**ACTIVITY**. Word for word, copy all the data and drop the pictures.

**SUPPLIED INFORMATION**.
__________________________________________________
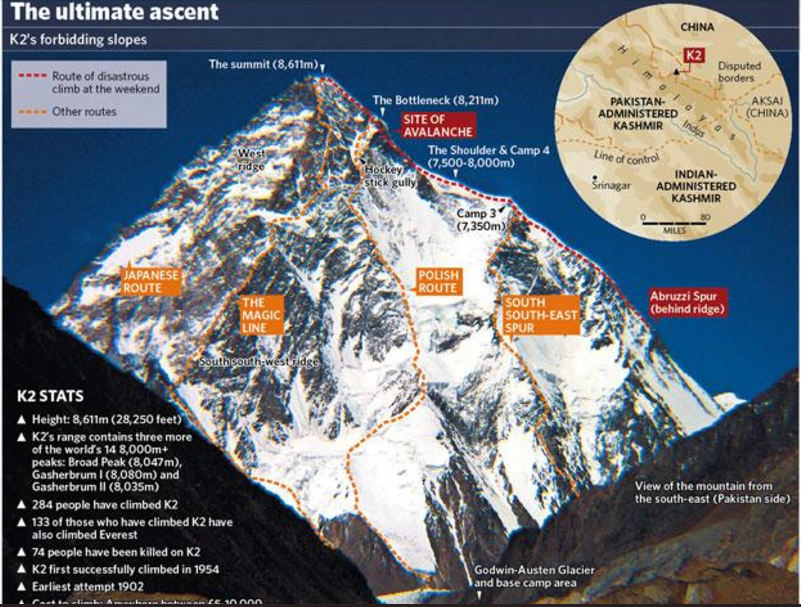 k2 vs Everest Facts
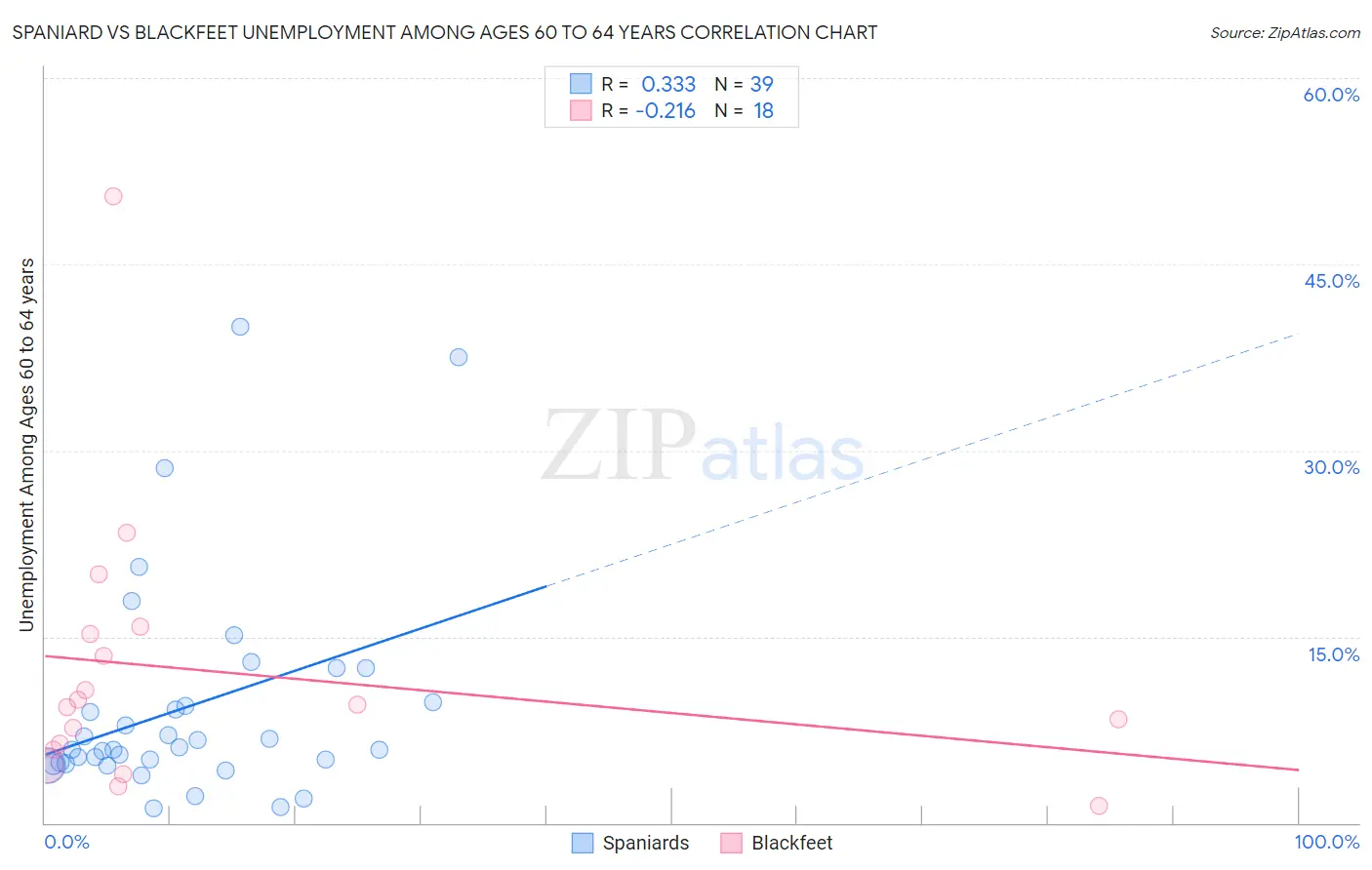 Spaniard vs Blackfeet Unemployment Among Ages 60 to 64 years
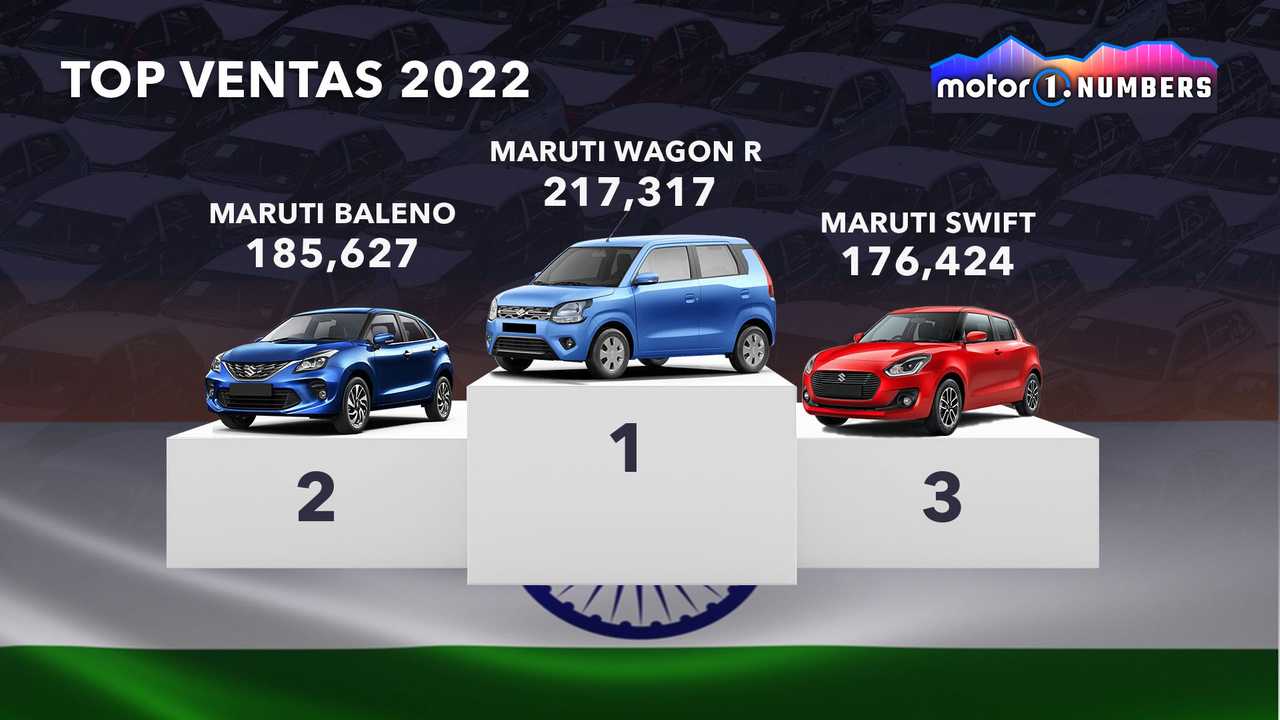 Top Ventas 2022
__________________________________________________
**ANSWER TO THE EXERCISE**.
 k2 vs Everest Facts
 Spaniard vs Blackfeet Unemployment Among Ages 60 to 64 years
 Top Ventas 2022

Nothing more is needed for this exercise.